What Ass Clown Brewing Company lacks in production size is made
up in its wide range of mind-bending flavors and styles. Queen City Brewers Festival visited owner Matt Glidden at his nondescript brewery in Cornelius and was treated to a lineup of samples that would challenge the most sophisticated and curious of craft beer palates. All that was missing was a mad scientist lab coat.

A big part of your mission is to use local organic ingredients in all your beers; you also grow your own hops. What would it take for Ass Clown to become a farmer-brewer and why is it important to you to use local ingredients?

The farm idea is something that’s definitely in my planning. Unfortunately, it’s not as easy as it sounds picking up and moving to a new location; the TTB (Alcohol and Tobacco Tax Trade Bureau) is very thorough in their ways. So it will be a two-part process for me: first we’ll move into a larger production facility for three to five years, and then I’ll be looking for an area where I can have around 5-10 acres of land to grow my hops and some organic fruits and vegetables. Think of a tasting room where you’ve got hops vines winding around trellises; the smell, the look and feel will give you the complete experience that should come with visiting a brewery.

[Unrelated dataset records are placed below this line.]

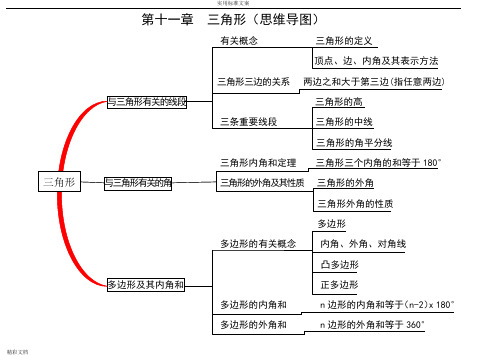 第十一章 三角形(思维导图 有关概念 三角形的定义 顶点,边,内角及其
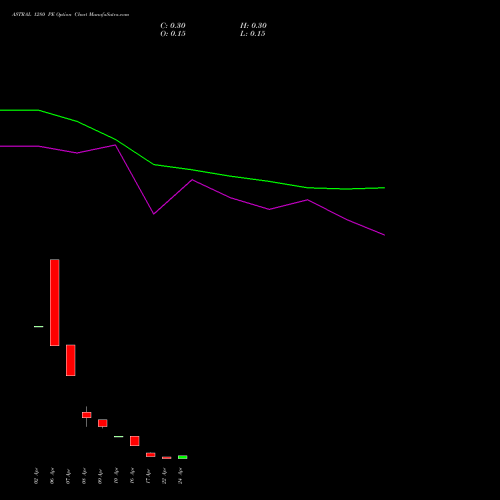 ASTRAL 1280 PE (PUT) 28 April 2026 options price chart analysis Astral Poly Technik Limited 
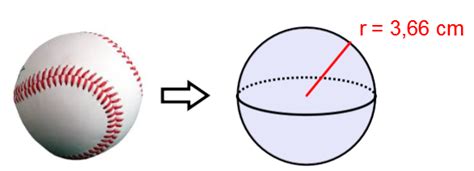 Calculer Le Rayon D Une Sphère A Partir Du Volume - L'aire d'une sphère et le volume d'une boule | Secondaire | Alloprof
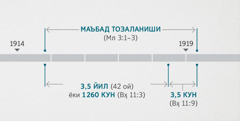 Ваҳий 11:1, 2 да мазкур ҳодисалар Малаки 3:1–3 да тасвирланган рамзий маъбадни текшириш ва тозалаш билан боғлиқ экани кўрсатилган. Башоратларнинг даврий жадвали қуйидагиларни кўрсатмоқда: тахминан 1914 йилнинг охиридан тахминан 1919 йилнинг бошигача маъбаднинг тозаланиши; тахминан 1914 йилнинг охиридан тахминан 1918 йилнинг бошигача 3,5 йил ёки 1 260 кун; тахминан 1918 йилнинг бошидан тахминан 1919 йилнинг бошигача 3,5 кун.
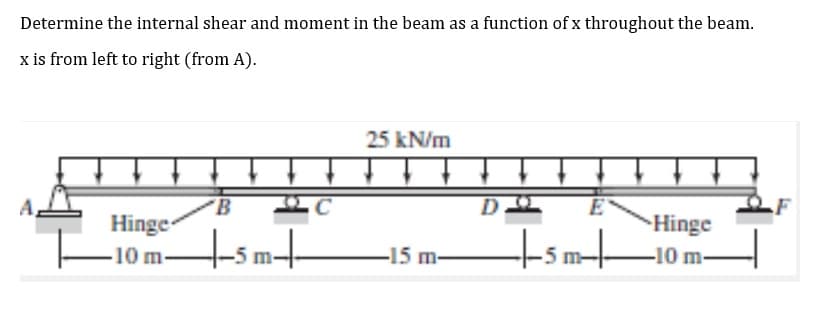 Determine the internal shear and moment in the beam as a function of x throughout the beam.
x is from left to right (from A).
25 kN/m
Hinge
+sm
•Hinge
tsmt
-10 m-
10 m-
-15 m-
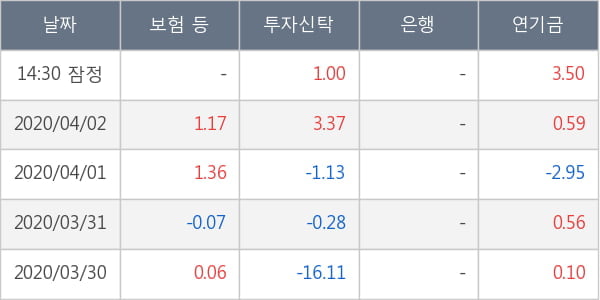 두산밥캣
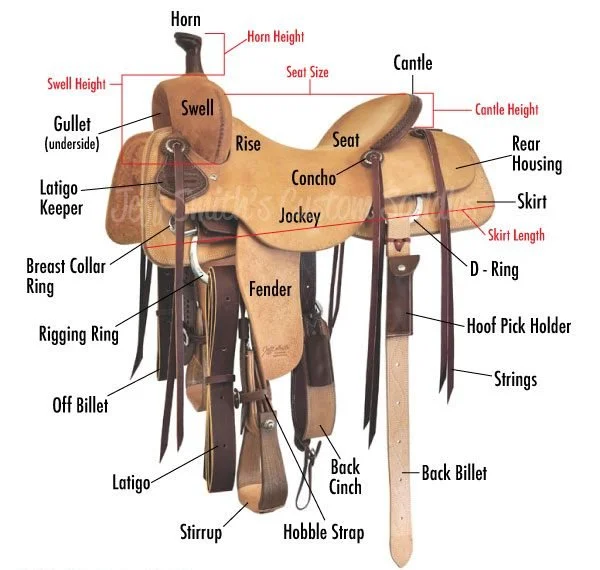 Saddle-Parts-e1678664294346.jpg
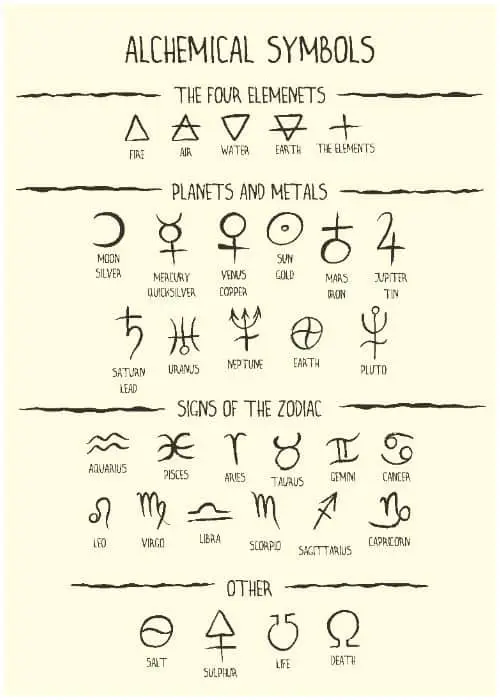 Alchemy Symbols and Meanings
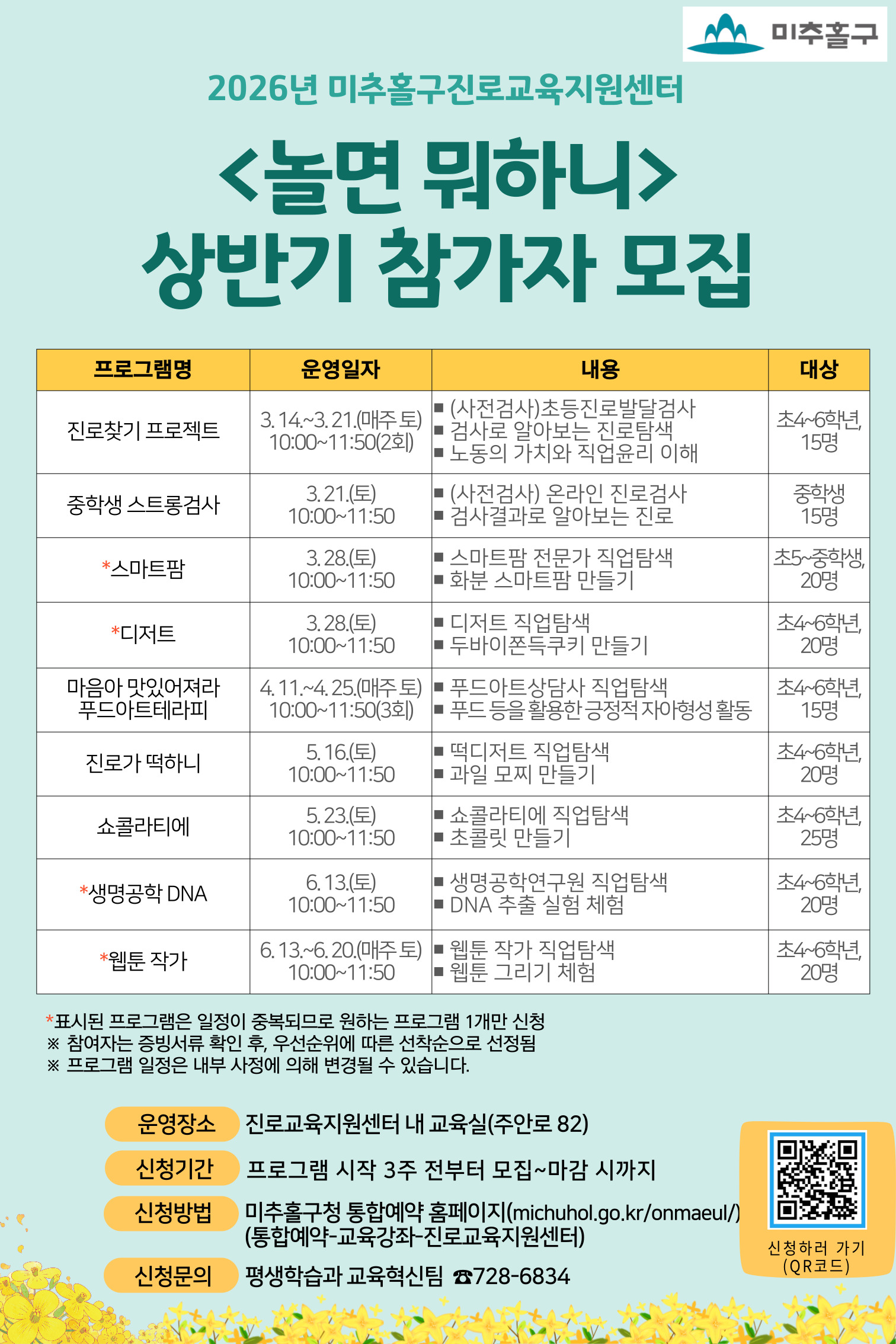 2026년 미추홀구진로교육지원센터 놀면 뭐하니 상반기 프로그램 재안내.jpg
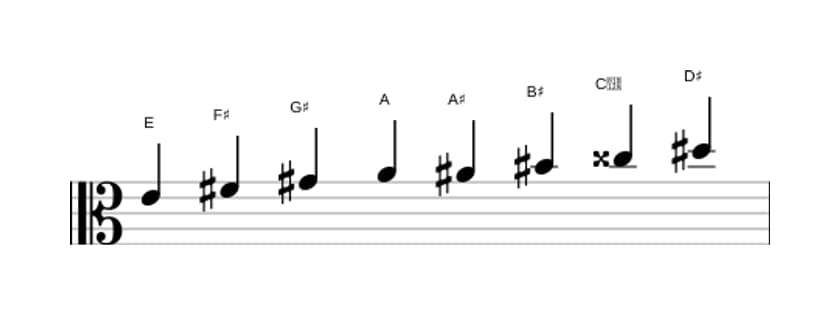Sheet music of the E Messiaen's mode 6 scale in three octaves (4)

Bottom line is I want to know what’s in my beer. I’ve seen and read too much about crap like nitrates and preservatives being added to some beers. Eventually, I’d like to personalize my bottles with each batch number and the beer’s ingredients. I do some pretty complex beers so for people to see exactly what their drinking would be pretty cool.

What is the most challenging beer you’ve ever made?

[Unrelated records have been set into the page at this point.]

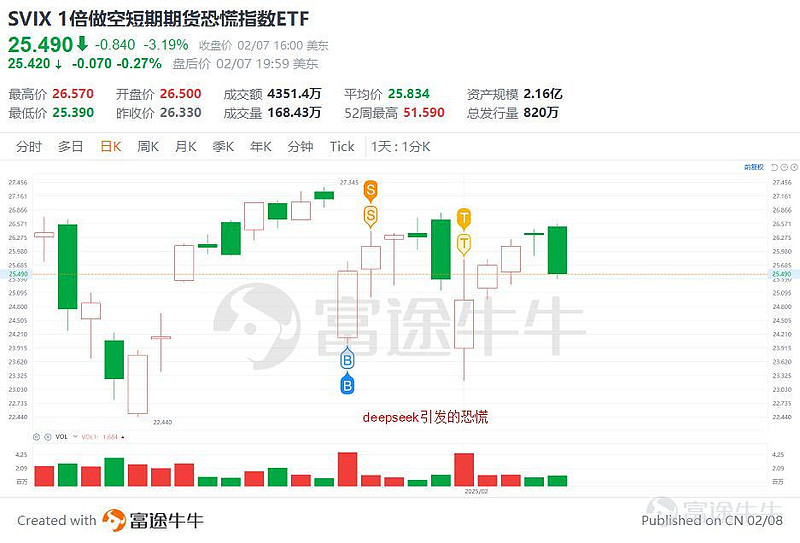 高胜率的波动性策略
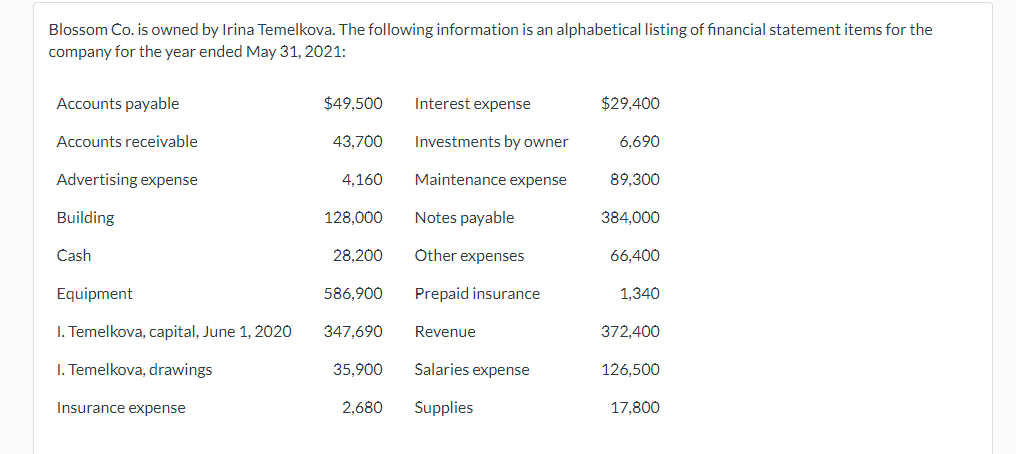 Blossom Co. is owned by Irina Temelkova. The following information is an alphabetical listing of financial statement items for the
company for the year ended May 31, 2021:
Accounts payable
$49,500
Interest expense
$29,400
Accounts receivable
43,700
Investments by owner
6,690
Advertising expense
4,160
Maintenance expense
89,300
Building
128,000
Notes payable
384,000
Cash
28,200
Other expenses
66,400
Equipment
586,900
Prepaid insurance
1,340
1. Temelkova, capital, June 1, 2020
347,690
Revenue
372,400
I. Temelkova, drawings
35,900
Salaries expense
126,500
Insurance expense
2,680
Supplies
17,800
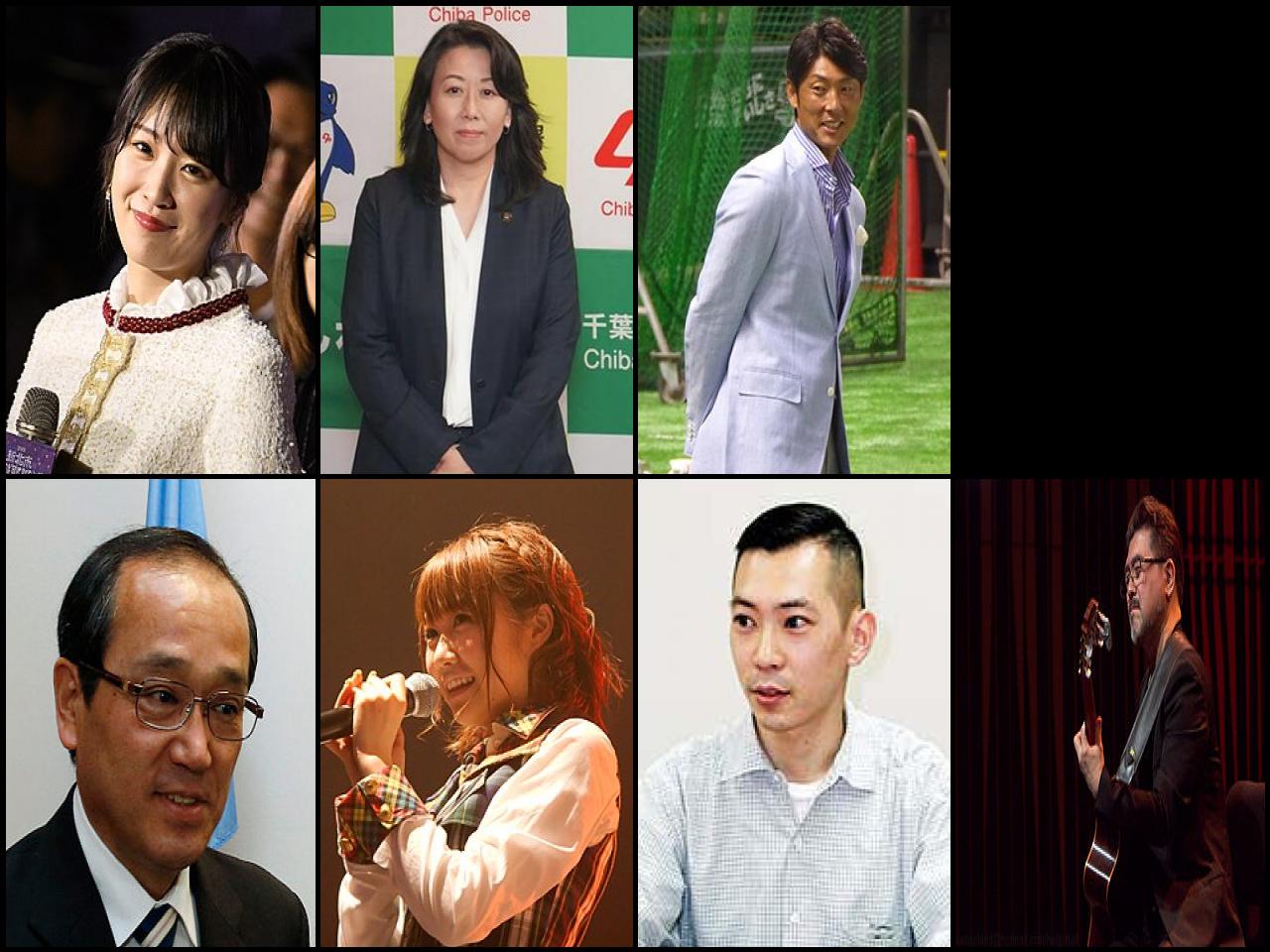 Famous People with name Kazumi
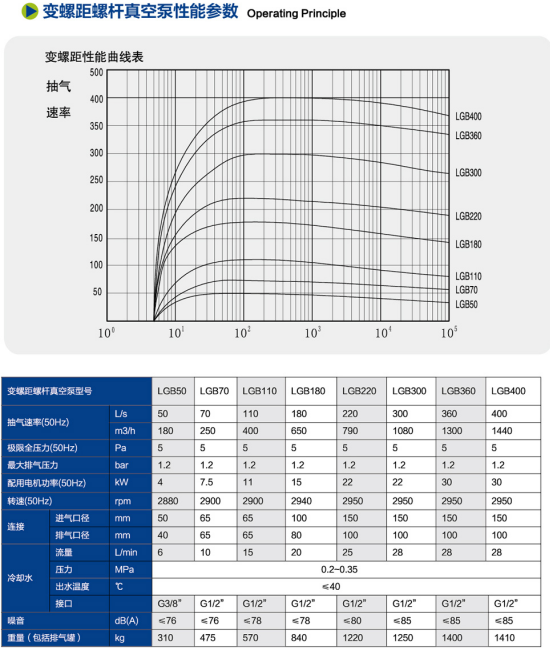 1785657465318744.png 双螺杆结构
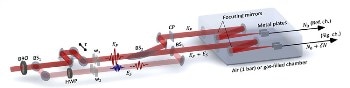 Technique Employs Tunnel Ionization for Temporal Characterization of Laser Pulse Waveform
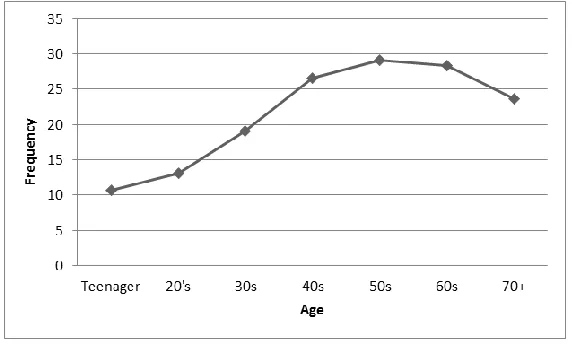 Fig. 3: Trend of Interests on leisure time activates based on age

There are two beers I’ve made that qualify as having “the most challenging” distinction. One is a buttered dough cinnamon beer. The butter (yes, real butter) works against the yeast, but I found a way to make them work together. The other is a black lager made with paradise seed and spruce oil. It must have taken me a good five or six times to get it right and I ended up using an eighth of the spruce oil I thought I’d need. Another challenging beer, because it’s so time consuming, is my wet-hopped beer. It’ll take me four and a half hours to do a normal 20-gallon batch, but with wet hops that’ll bump it up to close to seven hours.

Why has Charlotte become such a popular place to open a brewery and what’s your relationship with other breweries in the area?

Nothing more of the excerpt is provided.